DATA IN THIS EXERCISE:
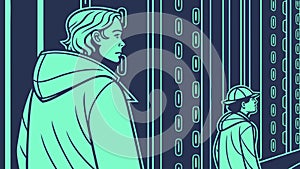 Woman and binary code: digital identity and data, vector design Generative AI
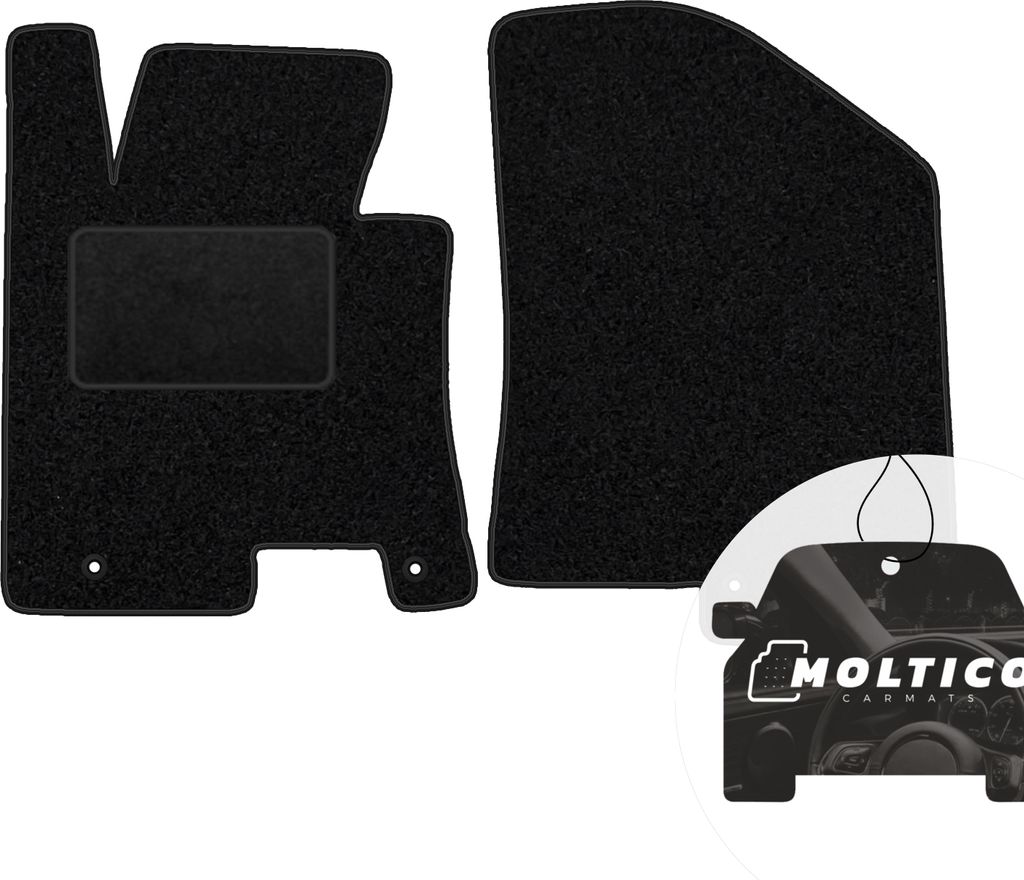 moto-MOLTICO Vorne Fußmatten Auto Velours Autoteppiche Schwarz Automatten Set 2-teilig passend für Kia Ceed II Hyundai i30 II 2012-2017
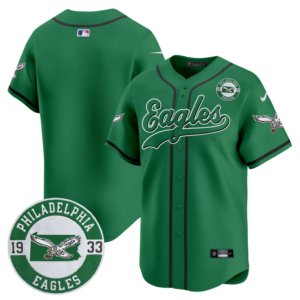 Eagles Team 1933 Patch Kelly Green Baseball Style Jersey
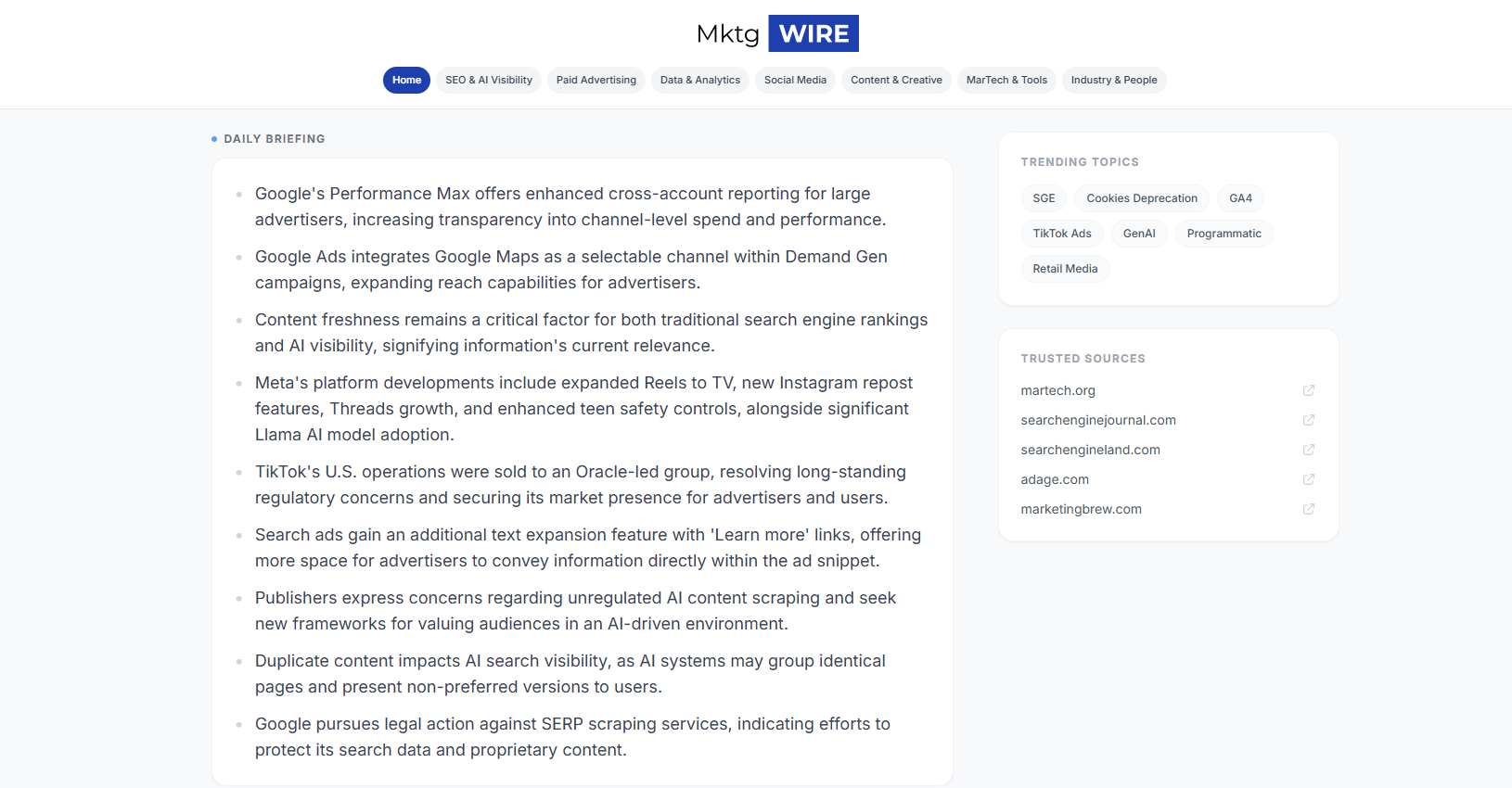 MktgWire - Screenshot 2 showing product features and functionality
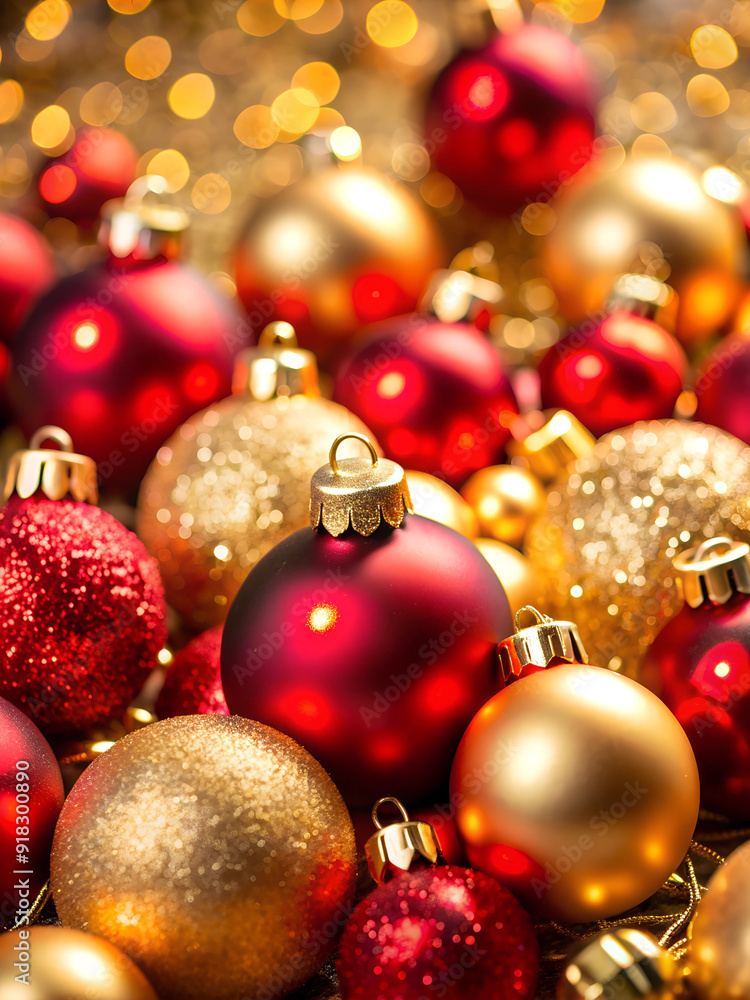 Red and Gold Christmas Ornaments with Sparkling Background Red and Gold Christmas Ornaments with Sparkling Background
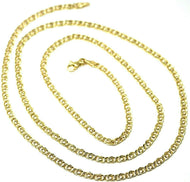 18K YELLOW GOLD CHAIN TYGER EYE LINKS THICKNESS 3mm, 0.12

PROMPT: Please write out the lines above, beginning at the line with "Eagles Team 1933" and ending at the last line of the records, exactly as they appear and without pictures.

WRITTEN REPLY:
 Eagles Team 1933 Patch Kelly Green Baseball Style Jersey
 MktgWire - Screenshot 2 showing product features and functionality
 Red and Gold Christmas Ornaments with Sparkling Background Red and Gold Christmas Ornaments with Sparkling Background
 18K YELLOW GOLD CHAIN TYGER EYE LINKS THICKNESS 3mm, 0.12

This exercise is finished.